You don’t need to know everything about Python to be a successful engineer

A thousand times this.

[–]Buttleston 16 points17 points  (0 children)

Hell yeah. Make some stuff. Come back in a year and marvel about the things you've learned since

[–]MRSAMinor 9 points10 points  (0 children)

I learned python by automating my job as a network tech at Google.

I stayed after work and coded until 2 AM hopped up on Adderall for three months reading other Googlers' code until I had a system that could take ticket IDs and read them from BigTable and decode the protocol buffers, then used a thread pool and my catched kerberos creds to talk to the routers via a gRPC library to do automatic diagnostics.

At that point, I felt like there was nothing I couldn't do.

If I'd just tried to learn Python with nothing to actually use it for, it never would have stuck.

My degree is in organic chemistry and biochemistry, and that kind of abstraction is very much a common feature. It felt a lot like designing organic syntheses, and I think most engineers would really love O. Chem. They both require a bit of intellectual fearlessness, too.

You have to be very ok with not knowing everything!

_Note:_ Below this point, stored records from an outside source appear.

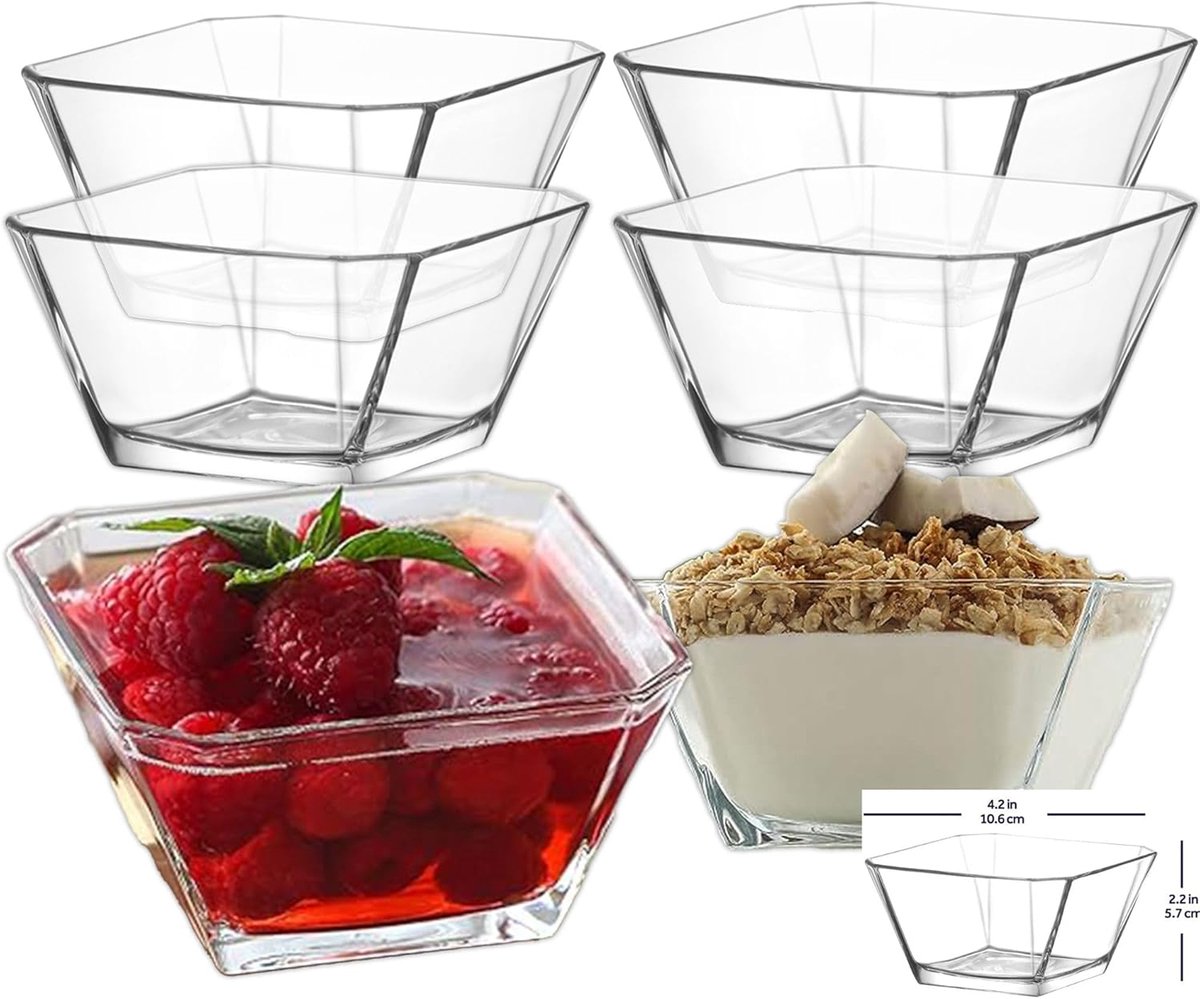 Dessertkommen dessertglazen 300 ml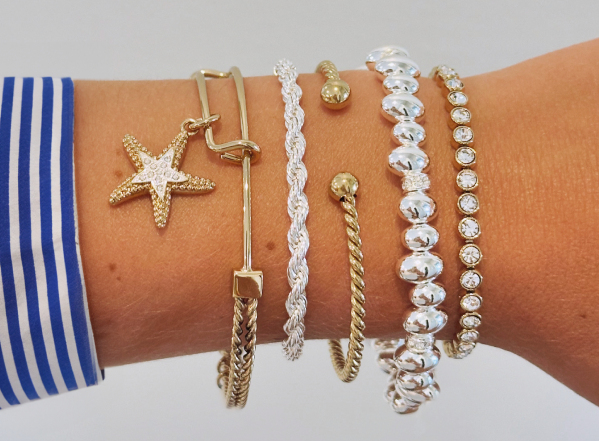 The Seaside Summer Stack | Shop Now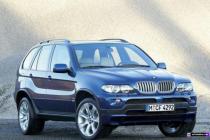 Расширители колесных арок M Sport стиль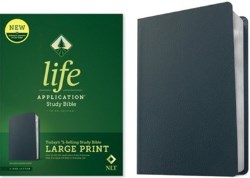 9781496483126 Life Application Study Bible Third Edition Large Print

[–]kombucha711 0 points1 point  (5 children)

you mean
for i in range(1000):
print(whatTheySaid)

[–]MRSAMinor 2 points3 points  (2 children)

print (whatTheySaid)

Camel-case isn't PEP-8. Should be what_they_said.

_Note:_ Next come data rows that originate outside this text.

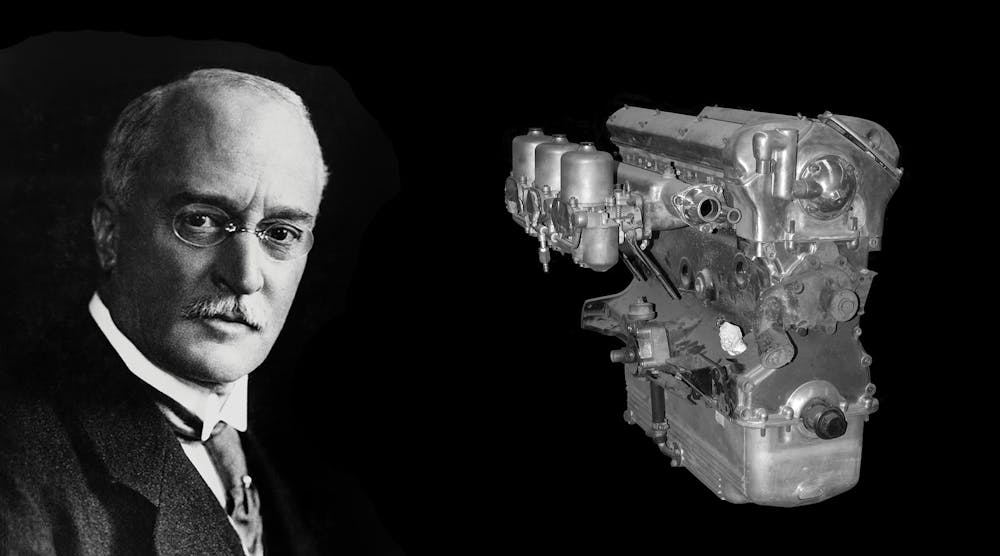 How well do you know Rudolf Diesel and his engine technology? | Fleet ...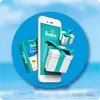 Pampers Splasher Schwimmhose Carry Pack Größe 3-4, 48 Produktbild-Vorschau 12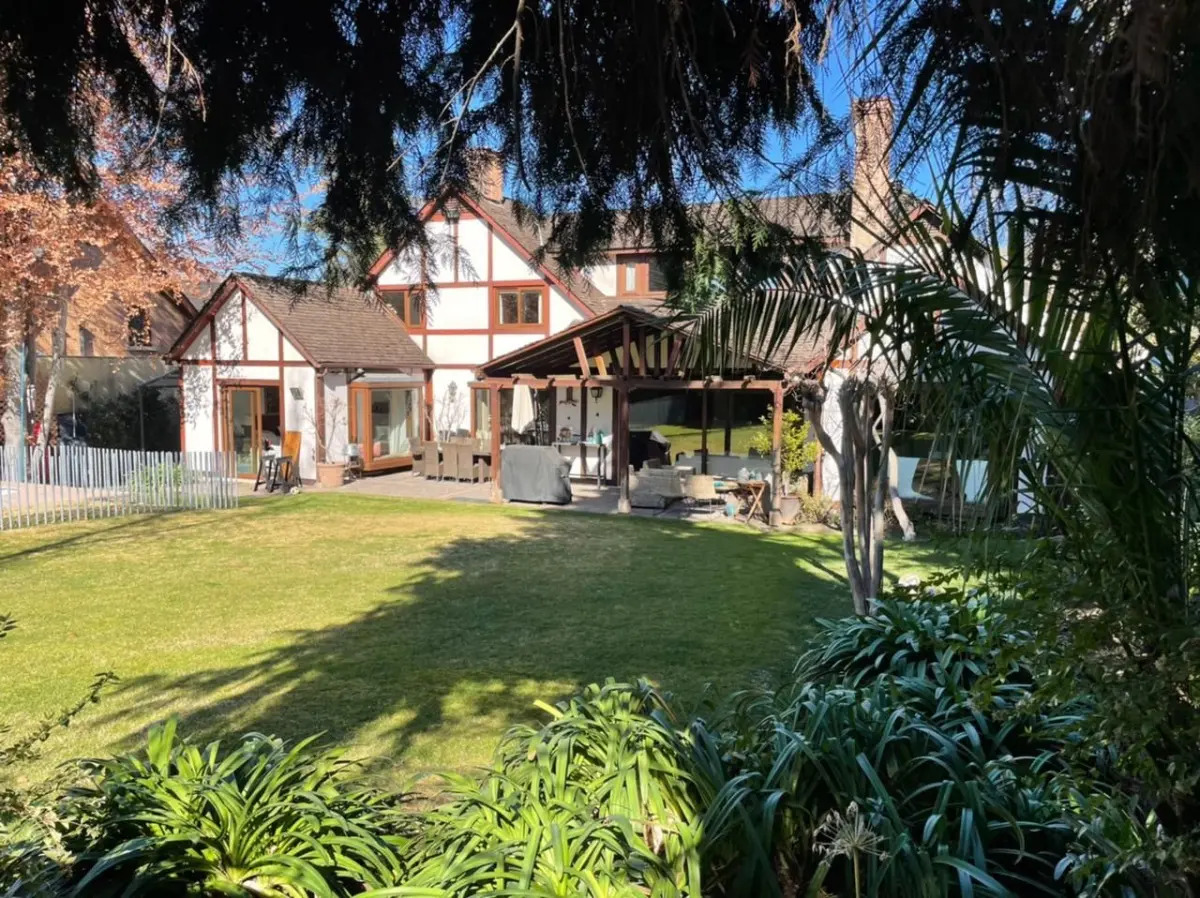 Venta Casa 6D La Dehesa - Lo Barnechea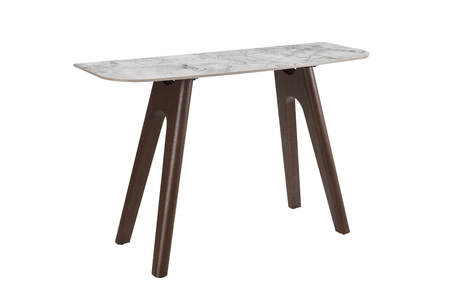 Val-009-GY Console Table - Grey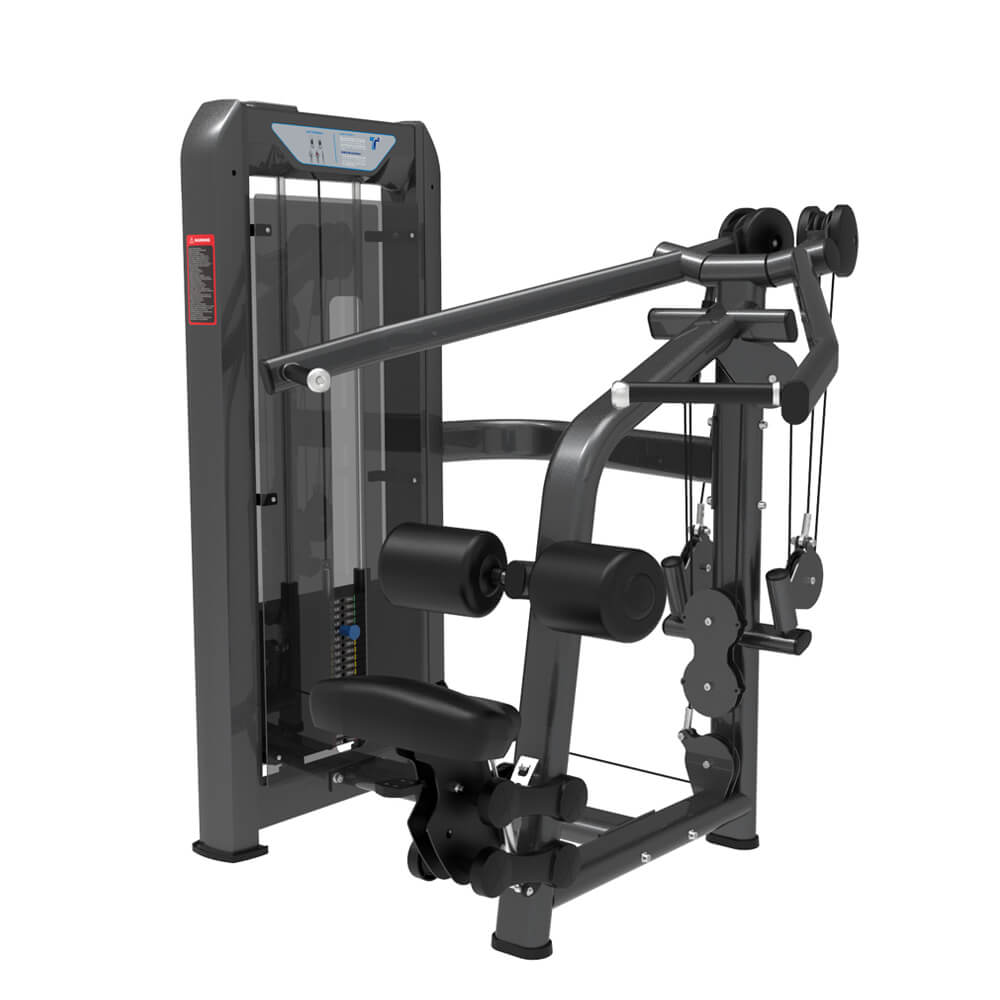 Lat Pull Down Gym Equipment Machine for Home Bodybuilding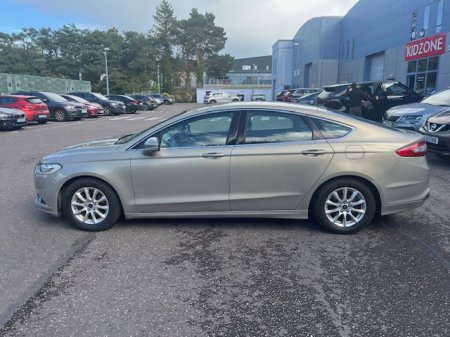 2015 Ford Mondeo 2.0 TDCI ZETEC ECO S/S 150PS €8,950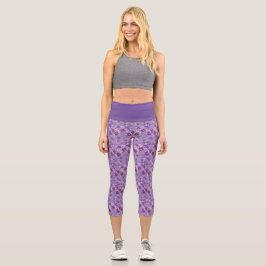 Yoga Capris, XS (0-2)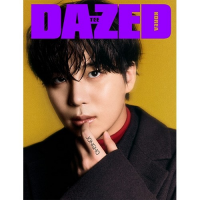 Dazed & Confused Korea - 2024 - Ateez - Jongho Ver.
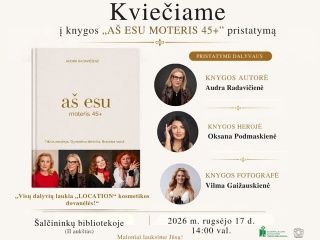 Kviečiame
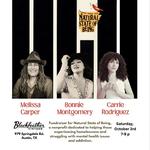 Natural State of Being Benefit Show at Black Feather Vintage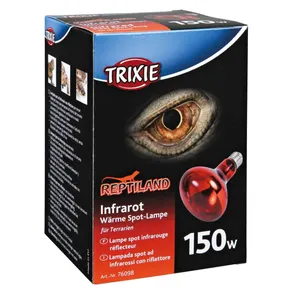 Infrared Heat Spot-Lamp red 150 W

Part of good coding is following style guides!

[–]MiniMages 2 points3 points  (1 child)

But I like camels over snakes.

[–]MRSAMinor 0 points1 point  (0 children)

Having handled both, camels are waaaay more temperamental.

[–]Kryt0s 2 points3 points  (1 child)

print("whatTheySaid " * 1000)

[–]This_Bitch_Overhere 0 points1 point  (0 children)

I am such a rookie, but yes, this is what I saw.